Asosiasi Garment dan Tekstil Indonesia (AGTI) menepis isu mengenai gelombang pemutusan hubungan kerja (PHK) di sektor tekstil dan garmen. Ketua Umum AGTI, Anne Patricia Sutanto, menegaskan bahwa industri tekstil nasional masih berada dalam kondisi stabil bahkan menunjukkan tren pertumbuhan positif. Hal ini disampaikan Anne usai melakukan audiensi dengan Menteri Ketenagakerjaan (Menaker) Yassierli di Kantor Kemenaker, Jakarta, pada Kamis, 6 November 2025.

“Tidak ada pemutusan hubungan kerja. Justru banyak perusahaan yang menambah kapasitas produksi, merekrut tenaga kerja baru, bahkan membuka pabrik baru,” ujar Anne dalam keterangan tertulisnya, Jumat (7/11/2025). Menurutnya, fakta tersebut membuktikan bahwa industri tekstil dan garmen Indonesia tetap bergerak maju di tengah berbagai tekanan global.

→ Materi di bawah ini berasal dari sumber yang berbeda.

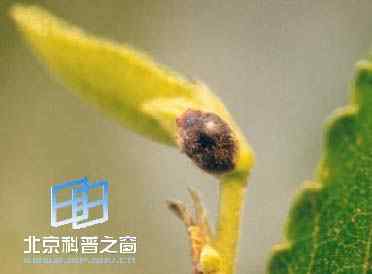 长隆小毛瓢虫
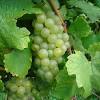 Winemakers of the previously oaky, butterscotch style of chardonnay which is what went out of fashion have responded to the rise in popularity of a. 1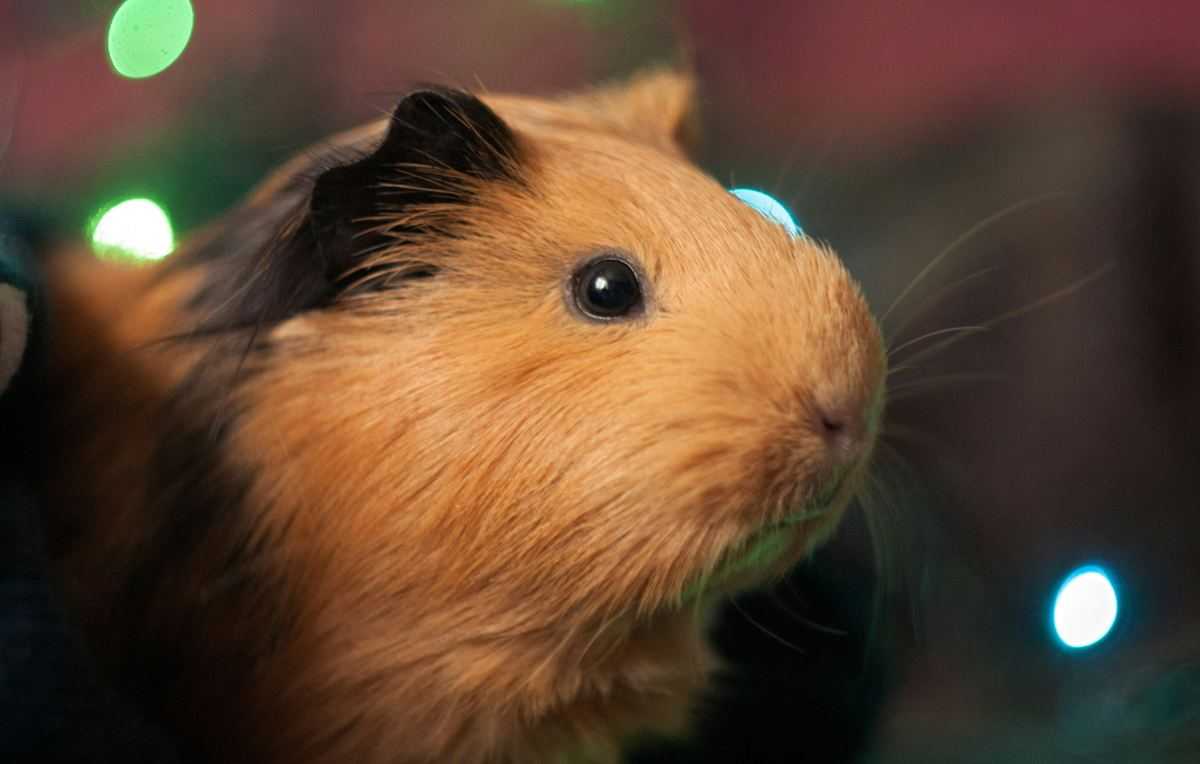 Cavia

Dalam pertemuan tersebut, AGTI dan Kemenaker membahas sejumlah langkah strategis untuk memperkuat daya saing industri, salah satunya melalui peningkatan kompetensi tenaga kerja. Anne menilai, program magang industri dari Kemenaker merupakan peluang besar bagi perusahaan untuk mencetak tenaga kerja siap pakai. “Kuotanya mencapai 15 persen dari total karyawan di setiap perusahaan. Ini kesempatan besar untuk membangun sumber daya manusia yang kompeten,” ungkapnya.

AGTI juga berkomitmen mendukung penyusunan kurikulum berbasis kompetensi yang disusun secara kolaboratif antara industri, akademisi, dan pemerintah. Kurikulum tersebut diharapkan mampu melahirkan tenaga kerja yang adaptif terhadap perkembangan teknologi serta memiliki daya saing tinggi di pasar global.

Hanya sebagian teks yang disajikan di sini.